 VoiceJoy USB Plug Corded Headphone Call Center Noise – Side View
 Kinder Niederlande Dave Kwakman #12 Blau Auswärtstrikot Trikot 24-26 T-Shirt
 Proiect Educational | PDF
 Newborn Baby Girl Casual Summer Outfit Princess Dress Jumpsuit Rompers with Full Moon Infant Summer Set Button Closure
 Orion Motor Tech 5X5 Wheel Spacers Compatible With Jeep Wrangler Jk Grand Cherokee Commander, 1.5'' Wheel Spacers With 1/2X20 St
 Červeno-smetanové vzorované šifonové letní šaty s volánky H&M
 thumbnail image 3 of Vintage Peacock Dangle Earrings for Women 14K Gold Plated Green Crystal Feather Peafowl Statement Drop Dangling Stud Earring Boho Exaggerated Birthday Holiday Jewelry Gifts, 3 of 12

________________________________________

Set down the full listing a second time, exactly as given.

 VoiceJoy USB Plug Corded Headphone Call Center Noise – Side View
 Kinder Niederlande Dave Kwakman #12 Blau Auswärtstrikot Trikot 24-26 T-Shirt
 Proiect Educational | PDF
 Newborn Baby Girl Casual Summer Outfit Princess Dress Jumpsuit Rompers with Full Moon Infant Summer Set Button Closure
 Orion Motor Tech 5X5 Wheel Spacers Compatible With Jeep Wrangler Jk Grand Cherokee Commander, 1.5'' Wheel Spacers With 1/2X20 St
 Červeno-smetanové vzorované šifonové letní šaty s volánky H&M
 thumbnail image 3 of Vintage Peacock Dangle Earrings for Women 14K Gold Plated Green Crystal Feather Peafowl Statement Drop Dangling Stud Earring Boho Exaggerated Birthday Holiday Jewelry Gifts, 3 of 12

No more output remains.